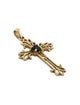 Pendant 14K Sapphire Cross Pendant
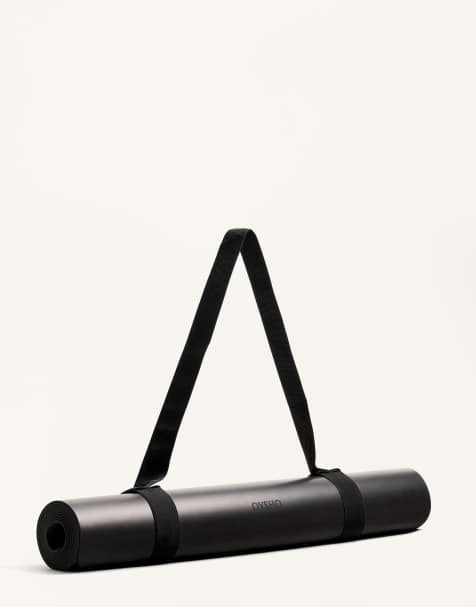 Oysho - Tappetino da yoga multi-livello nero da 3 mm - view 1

==

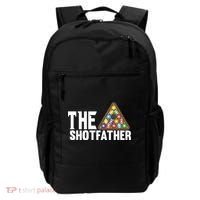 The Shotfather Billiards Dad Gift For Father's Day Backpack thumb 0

_Assigned task_
Quote the lines above exactly, starting with the one that has "Pendant 14K Sapphire Cross Pendant" and ending with the one that has "Oysho - Tappetino"; drop the pictures and include nothing else.

_Task solution_
 Pendant 14K Sapphire Cross Pendant
 Oysho - Tappetino da yoga multi-livello nero da 3 mm - view 1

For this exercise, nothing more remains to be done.